Part B Congestion control (15 points)
Using the same assignment2.pcap file and your analysis_pcap_tcp program, answer the following questions about congestion control
For each TCP flow:
(1) Print the first ten congestion window sizes (or till the end of the flow, if there are less than five congestion windows). You need to decide whether the congestion window should be estimated at the sender or the receiver and explain your choice. Mention the size of the initial congestion window. You need to estimate the congestion window size empirically since the information is not available in the packet. Comment on how the congestion window size grows. Remember that your estimation may not be perfect, but that is ok. Congestion window sizes are typically estimated per RTT.
(2) Compute the number of times a retransmission occurred due to triple duplicate ack and the number of time a retransmission occurred due to timeout (as before, determine if you need to do it at the sender or the receiver).
Part C HTTP Analysis task (30 points)
You will now extend your tool made in part A to analyze various aspects of HTTP from TCP packets. Extend your previous program in Part A to create a new program called
“analysis_pcap_http” to analyze HTTP in addition to TCP. This is similar to Part A in that you can use the pcap libraries to get the beginning and end of the packet, but cannot use the pcap libraries to completely decode the packet.
Your first task is to use tcpdump, a popular tool for capturing TCP/IP network packets. Connect to the server at http://www.sbunetsyslabs.com at port 1080 from your web browser and use tcpdump to capture the packets. Save the packet as http_1080.pcap for analysis. Remember that in this case, your browser’s IP address is the client and http://www.sbunetsyslabs.com is the server. The client establishes the connection. The client requests data from the server, and server sends the data.
Do the same to capture the traffic over HTTP encrypted by TLS from https://www.sbunetsyslabs.com on ports 1081 and 1082 (name these files tcp_1081.pcap and tcp_1082.pcap respectively).

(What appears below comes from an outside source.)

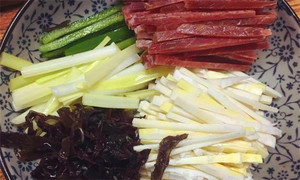 黑木耳泡發(fā)，黑木耳、韭黃、雷筍、青椒切成絲。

Make sure to clear your browser cache after each run, so the resources are actually fetched over the network. Each port represents the same site delivered using a different version of HTTP (HTTP 1.0, HTTP 1.1, HTTP 2.0).
1. Reassemble each unique HTTP Request/Response for http_1080.pcap (the other two are encrypted, so you will not be able to reassemble easily). The output of this part should be the Packet type (request or response) and the unique <source, dest, seq, ack> TCP tuple for all the TCP segments that contain data for that request.
2. Identify which HTTP protocol is being used for each PCAP file. Note that two of the sites are encrypted so you must use your knowledge of HTTP and TCP to programmatically solve this question. Include the logic behind your code in the write-up.
3. Finally, after you’ve labeled the PCAPs with their appropriate versions of HTTP, answer the following: Which version of the protocol did the site load the fastest under? The Slowest? Which sent the most number of packets and raw bytes? Which protocol sent the least? Report your results and write a brief explanation for your observations.
Part D Fairness (10 points)
Using the technique discussed in class (Week of Oct 5) explain why (1) Multiplicative Increase Additive Decrease, (2) Multiplicative Increase Multiplicative Decrease, and (3) Additive Increase, Additive Decrease, are not fair. Use a figure in each case, similar to slide 28 in Lec11_TCP_CongestionControl.pdf to illustrate your answer.